Снейп открыл покорно тенькнувшую звоночком дверь, и на него пахнуло золотисто-рыжим, каминным теплом бара. Студенты облепили выскобленные деревянные столы разношерстьем факультетских свитеров, шарфов и джинсов, и их неумолкающие голоса смешивались с завываниями Селестины Уорлок. Глаза лихорадочно забегали вокруг, ища знакомое лицо. Тонкие губы чуть заметно дрогнули. Каркарова не было. Опаздывает, как шестикурсница на свидание...
Снейп прошёл мимо оживлённо переговаривающихся столов, с огромным трудом нашёл один свободный в самом далёком углу, у полуоткрытого светло-мёрзлого в узорах окна, и сел, опустив лоб на ладони. Мимо процокали архаические бирюзовые лодочки Розмерты. Снейп закрыл глаза. Он устал. Он так устал... Он чувствовал себя таким потерянным в этом баре, где все друг друга знают, где всем так весело, где никто не думает о проблемах, о том, что будет, когда они выйдут и вернутся к будням... нет. Для студентов будни остались за дверью. А для него, для Снейпа — скользнули следом сквозь открывшуюся дверь и расселись под столом, на подоконнике, на спинке стула, на краю стола, неотвязные, маленькие, липкие, серые...

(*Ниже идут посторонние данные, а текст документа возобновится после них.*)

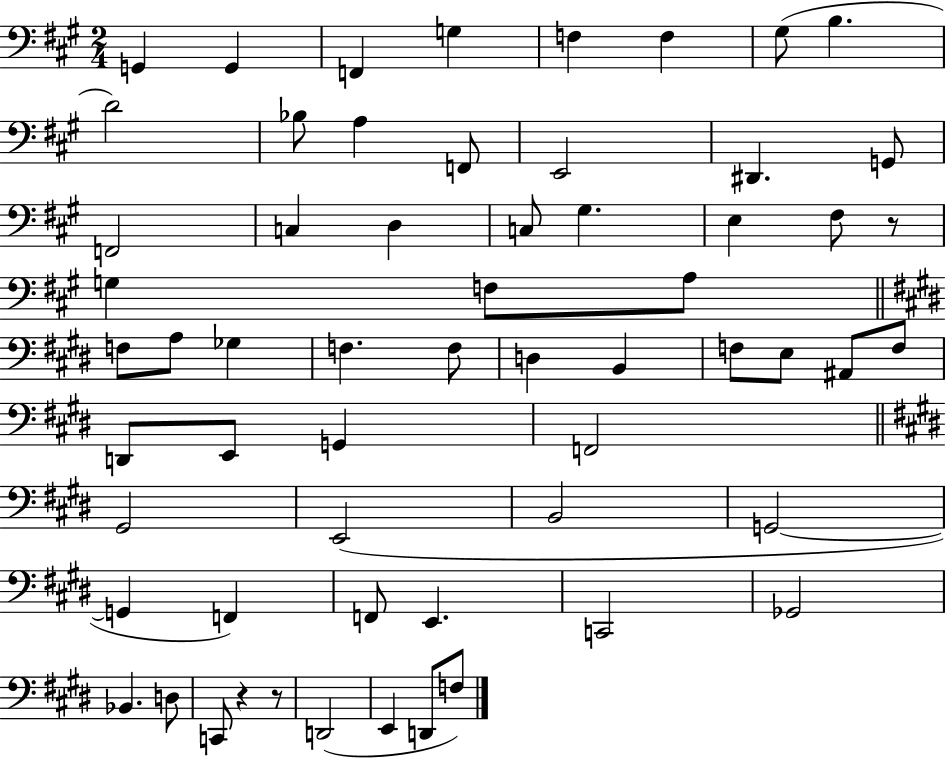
X:1
T:Untitled
M:2/4
L:1/4
K:A
G,, G,, F,, G, F, F, ^G,/2 B, D2 _B,/2 A, F,,/2 E,,2 ^D,, G,,/2 F,,2 C, D, C,/2 ^G, E, ^F,/2 z/2 G, F,/2 A,/2 F,/2 A,/2 _G, F, F,/2 D, B,, F,/2 E,/2 ^A,,/2 F,/2 D,,/2 E,,/2 G,, F,,2 ^G,,2 E,,2 B,,2 G,,2 G,, F,, F,,/2 E,, C,,2 _G,,2 _B,, D,/2 C,,/2 z z/2 D,,2 E,, D,,/2 F,/2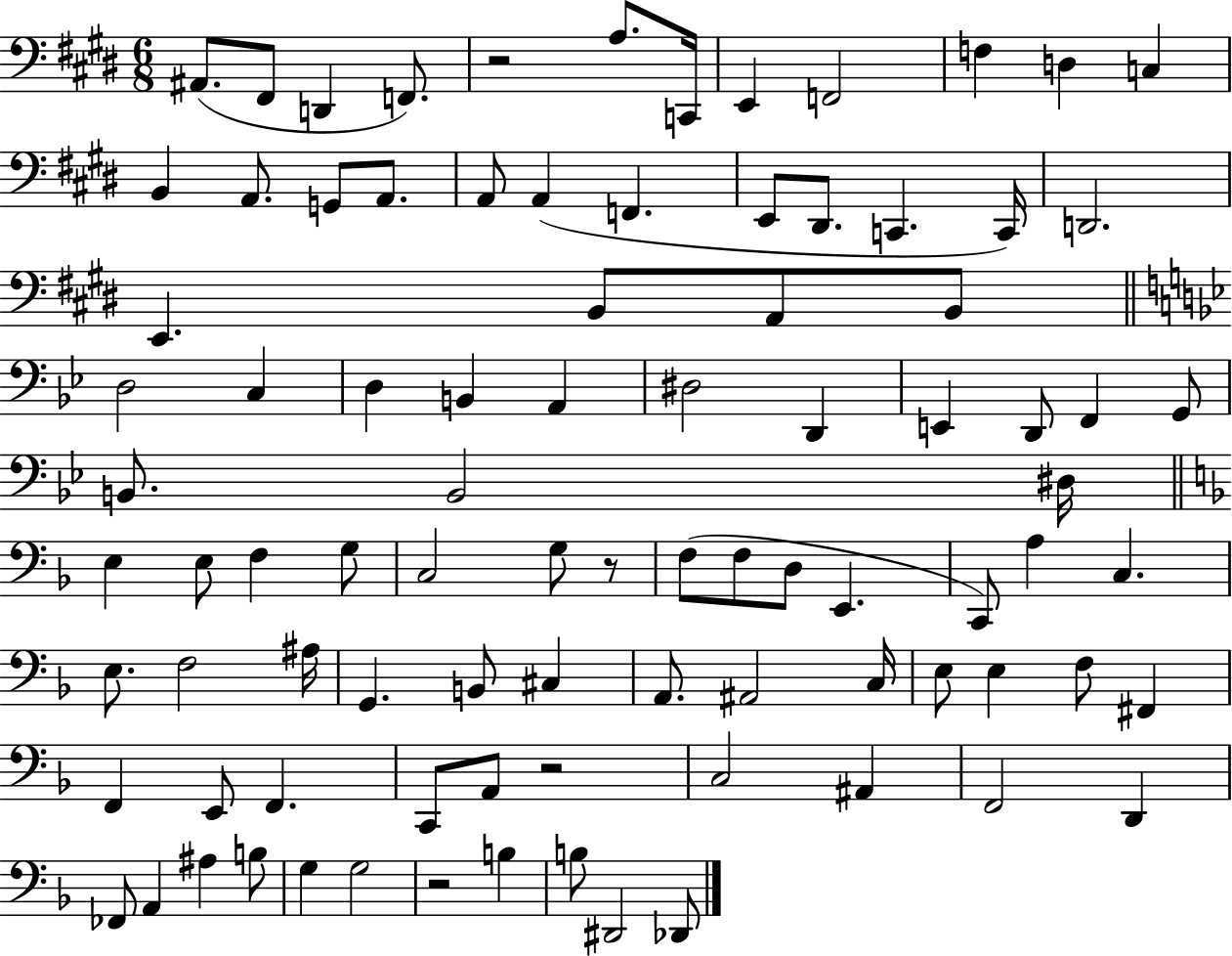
{
  \clef bass
  \numericTimeSignature
  \time 6/8
  \key e \major
  ais,8.( fis,8 d,4 f,8.) | r2 a8. c,16 | e,4 f,2 | f4 d4 c4 | \break b,4 a,8. g,8 a,8. | a,8 a,4( f,4. | e,8 dis,8. c,4. c,16) | d,2. | \break e,4. b,8 a,8 b,8 | \bar "||" \break \key bes \major d2 c4 | d4 b,4 a,4 | dis2 d,4 | e,4 d,8 f,4 g,8 | \break b,8. b,2 dis16 | \bar "||" \break \key d \minor e4 e8 f4 g8 | c2 g8 r8 | f8( f8 d8 e,4. | c,8) a4 c4. | \break e8. f2 ais16 | g,4. b,8 cis4 | a,8. ais,2 c16 | e8 e4 f8 fis,4 | \break f,4 e,8 f,4. | c,8 a,8 r2 | c2 ais,4 | f,2 d,4 | \break fes,8 a,4 ais4 b8 | g4 g2 | r2 b4 | b8 dis,2 des,8 | \break \bar "|."
}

Табачный дым ел ноздри, не привыкшие к таким вызывающим запахам. За глазами прыгали друг на друга и расплывались неясные, но красивые фантасмагорические круги. Хотелось покоя. Хотелось тишины. И меньше всего хотелось видеть Каркарова с его торопливой, сбивчивой речью, нервными смешками и беспрерывно дёргающими козлиную бородку жёлтыми пальцами...
Сквозь темноту закрытых глаз почувствовалось чьё-то присутствие на столе. Снейп вскинул взгляд. На него смотрели два внимательных, круглых, как монета, прозрачно-янтарных птичьих глаза. Сова. Почтовая сова.
Снейп протянул руку, рванул тонкую бечёвку, привязанную к грубой когтистой лапе; сова шухнула растрёпанными пегими перьями по столу и шумно вылетела в раскрытое окно. Снейп с шелестом развернул холодный пергамент.
«Сегодня не смогу прийти. Непредвиденные обстоятельства. Извини.
Игорь».
Кто бы сомневался.
Снейп ожесточённо смял записку, со злостью перебрал по ней пальцами, бросил комок на стол и, вздохнув, устало провёл по лицу ладонями. Ну вот. Ты хотел, чтобы это было так. Теперь радуйся.
Радоваться тому, что явился на Рождество в Хогсмид вместо того, чтобы наконец отдохнуть в тишине у себя в кабинете?
Восхитительно. Чудесно...
— Сэр, я могу вам чем-нибудь помочь?
Он вскинул глаза — и увидел над собой девчонку-официантку, маленькую, бойкую, кареглазую и вообще похожую на коротко стриженного мальчика. Хотелось сказать ей сразу родившуюся фразу, что она несказанно помогла бы ему, если бы ушла куда-нибудь подальше, но вместо этого Снейп слегка хрипло произнёс, — сам удивившись:
— Шерри. Бокал шерри.
— Ага, — хлопнули ресницы — и девчушку словно ветром сдуло. Снейп равнодушно посмотрел ей вслед. Официантку скоро скрыли чужие спины, чужие, незнакомые, весёлые лица. Казалось, бар жил отдельно, где-то далеко от него...
И, наверное, именно поэтому он сразу заметил человека, который тоже был далёк от окружающего веселья.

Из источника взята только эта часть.